Однако дерзкий план не удался. Попасть на фронт Юрию было ещё рано. По счастью, «патриотический порыв» его и его товарищей был разумно оценён командованием спецшколы. Могли ведь в назидание другим и для укрепления дисциплины (между прочим, самый действенный метод, нередко практикуемый!) турнуть их и из комсомола, и, разумеется, из спецшколы. И тогда, в чём нет никакого сомнения, уже никто из остающихся в её стенах воспитанников не помышлял бы о побеге в сторону фронта. Юрий Дроздов дождался бы 1943 года – своего призывного восемнадцатилетнего возраста (не исключено, что могли призвать и раньше), получил бы повестку, прибыл в военкомат, ну и далее как повезёт, на какой фронт рядовым солдатом отправят, ибо бывшего комсомольца в военное училище, пусть и самое краткосрочное, никогда бы не приняли… Так что при таком развитии событий вы бы эту книгу в руках не держали.
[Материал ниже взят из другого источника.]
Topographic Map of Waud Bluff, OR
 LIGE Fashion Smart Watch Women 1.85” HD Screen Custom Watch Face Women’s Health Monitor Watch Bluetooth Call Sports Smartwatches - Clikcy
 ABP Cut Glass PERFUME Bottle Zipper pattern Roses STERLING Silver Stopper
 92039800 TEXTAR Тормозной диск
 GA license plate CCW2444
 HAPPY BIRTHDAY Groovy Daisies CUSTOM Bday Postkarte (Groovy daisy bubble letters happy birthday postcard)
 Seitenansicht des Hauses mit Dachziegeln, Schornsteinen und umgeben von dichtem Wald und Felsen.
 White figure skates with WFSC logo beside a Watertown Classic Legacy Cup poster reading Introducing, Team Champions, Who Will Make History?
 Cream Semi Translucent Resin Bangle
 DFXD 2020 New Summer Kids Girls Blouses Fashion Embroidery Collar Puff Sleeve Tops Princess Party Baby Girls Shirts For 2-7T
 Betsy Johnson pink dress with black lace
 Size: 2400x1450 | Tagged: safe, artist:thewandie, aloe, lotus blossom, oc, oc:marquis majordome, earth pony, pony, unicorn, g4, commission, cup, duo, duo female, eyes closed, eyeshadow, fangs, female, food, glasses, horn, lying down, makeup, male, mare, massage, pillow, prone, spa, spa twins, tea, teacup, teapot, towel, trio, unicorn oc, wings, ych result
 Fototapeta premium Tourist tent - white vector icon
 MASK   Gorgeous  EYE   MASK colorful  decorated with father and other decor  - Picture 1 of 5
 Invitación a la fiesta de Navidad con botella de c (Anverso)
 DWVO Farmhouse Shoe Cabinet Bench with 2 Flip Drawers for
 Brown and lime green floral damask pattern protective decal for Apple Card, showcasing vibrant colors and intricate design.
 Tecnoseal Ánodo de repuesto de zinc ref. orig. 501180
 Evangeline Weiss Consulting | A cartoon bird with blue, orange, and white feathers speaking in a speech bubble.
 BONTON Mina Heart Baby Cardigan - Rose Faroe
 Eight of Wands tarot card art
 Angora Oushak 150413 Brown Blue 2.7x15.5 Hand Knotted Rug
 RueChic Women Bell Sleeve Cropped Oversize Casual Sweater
Да и кто вообще о нём бы сегодня помнил?
А так всё обошлось, отделались в общем-то «лёгким испугом» – правда, каким именно («постановка на вид», «выговор», «строгий выговор» – список видов комсомольских взысканий можно продолжить), мы не знаем, но главное, что не финальное и фатальное «исключение из рядов ВЛКСМ».
Так что своё восемнадцатилетие Юрий встретил в стенах спецшколы. Не знаем, отметил он как-то это событие или нет – мог, например, купить ближайшим друзьям халвы или пригласить в «чепок», то есть курсантский буфет, на чашку чаю с булочкой, что-то иное вряд ли, – но переход к призывному возрасту ничего в его положении не изменил. Слава богу, был уже сорок третий год, а не сорок первый, и не лето сорок второго, когда даже курсантов военных училищ бросали на передовую в качестве рядовых. Дроздов же спокойно доучивался – конечно, «спокойно» – это не совсем точно, потому как он, как и все его товарищи, мечтал о фронте и боялся, что вдруг война без него закончится.
Нет, война не кончилась. 5 июля 1943 года началась Курская битва, 12 июля развернулась «Битва под Прохоровкой» – крупнейшее встречное танковое сражение Второй мировой войны, и только 18 июля Юрий Дроздов был наконец-то призван в ряды РККА. Но не на фронт, а на учёбу в 1-е Ленинградское Краснознамённое артиллерийское училище имени Красного Октября. Разумеется, училище тогда находилось не в блокированном гитлеровцами Ленинграде, а в городе Энгельсе Саратовской области, на левом берегу Волги.